4th Vice-Chancellor and President of Monash University
- In office 1987–1996
- Preceded by: Raymond Martin
- Succeeded by: David Robinson

Personal details
- Born: 3 June 1931
- Died: 17 September 2022 (aged 91)
- Alma mater: University of Sydney
- Profession: Academic educator and administrator

= Mal Logan =

Australian geographer (1931–2022)

Malcolm Ian Logan (3 June 1931 – 17 September 2022) was an Australian geographer and university administrator. He served as Vice-Chancellor of Monash University from 1987 to 1996.

Logan grew up in country New South Wales, attending secondary school in the remote town of Tamworth. He moved to Sydney to complete an honours degree in geography at the University of Sydney, which he finished in 1951. After spending some time as a teacher in secondary schools, he returned to Sydney to complete his PhD and take up a position as Professor of Geography and Urban Planning. He then spent time at a range of universities overseas, living in the US and Nigeria. Later in his career, he became involved in both the World Bank and the OECD as an adviser on urban planning.

In 1971, Sir Louis Matheson, then vice-chancellor of Monash University, invited Logan to take up a professorship the university.
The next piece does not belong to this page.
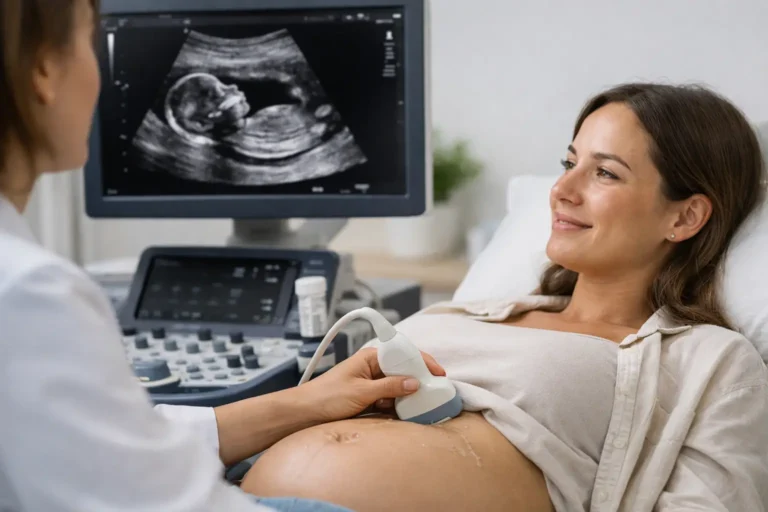 Bila Masa Sesuai Buat NT Scan?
Although Logan knew little about Monash at the time, he wanted to return to Australia and chose the university because it seemed "the liveliest and brightest place". Once there, he quickly rose through the administrative ranks, first as pro vice-chancellor and then, in 1987, he was appointed vice-chancellor.
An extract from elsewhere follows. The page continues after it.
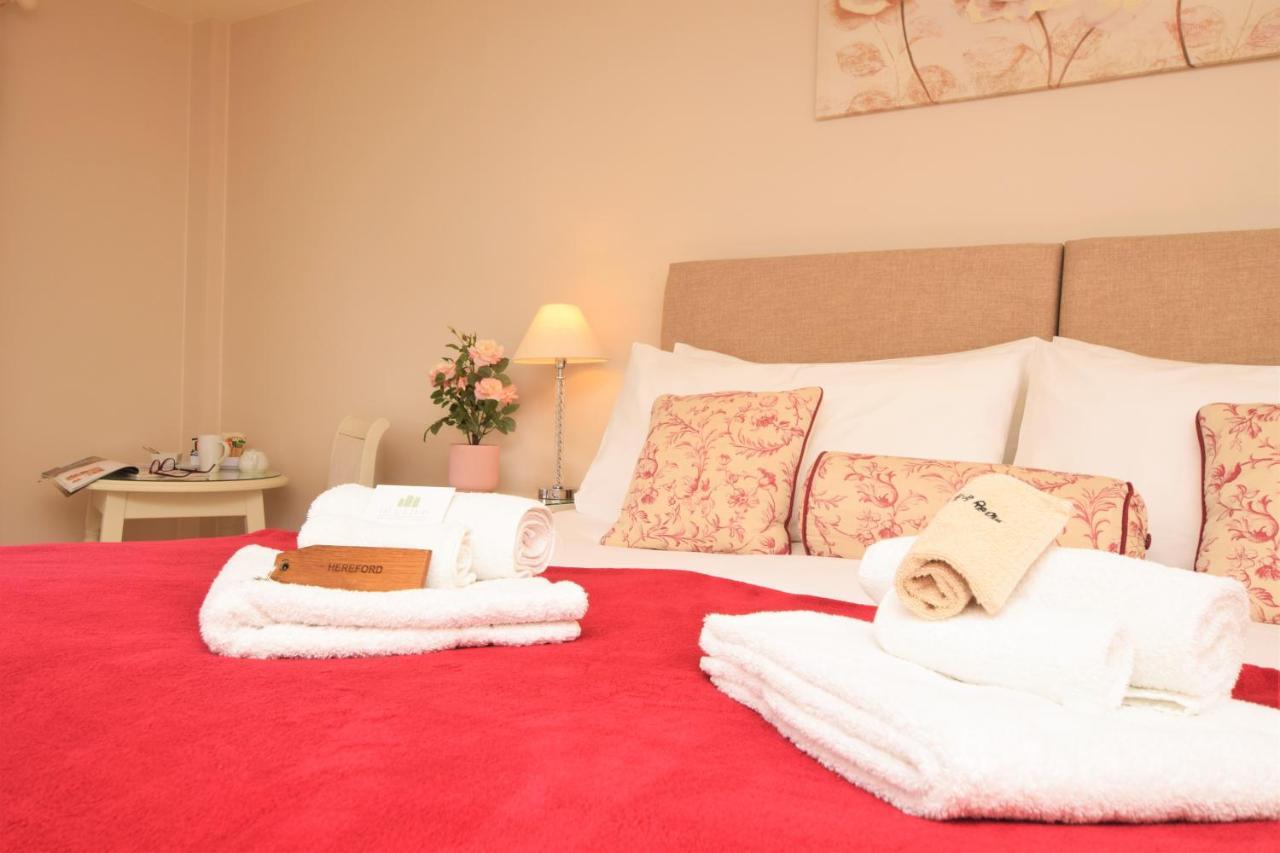 The Old Dairy B&B Lympstone Luaran gambar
His leadership at Monash marked the most drastic expansion of a university in Australian history. Prompted by the Dawkins reforms, Logan aggressively pursued Monash's takeover of a number of tertiary institutions. He was attracted to the notion of a "multiversity", similar to big state universities in the US such as the University of California and the University of Wisconsin–Madison. Monash went from one campus in Clayton with 20,000 students, to six Victorian campuses with 40,000 students. Through Logan's close personal relationships with members of the Hawke and Keating governments, he was able to obtain hundreds of millions of dollars in grants to develop the new campuses.

Logan argued that Australia's future lay in Asia. Consequently, he established a Monash teaching presence in Malaysia, Hong Kong, Singapore, Indonesia and Laos. He also oversaw the considerable increase in international students at Monash, particularly from Asia. He established the university's link with the Sunway Group, a relationship which led to the establishment of a Monash Malaysia Campus in 1998. With the increased inflow of international students, Monash's income increased dramatically, such that its annual reports were often discussed in financial newspapers. Reportedly, Logan was fond of citing the fact that Monash's annual budget was greater than the state of Tasmania's.

Logan retired in 1996. In that year's Australia Day Honours List he was appointed a Companion of the Order of Australia (AC), the highest honour which can be awarded to an Australian citizen, "for service to education, business and the arts, particularly through raising international awareness of Australian higher education services, and for promoting cooperation between countries".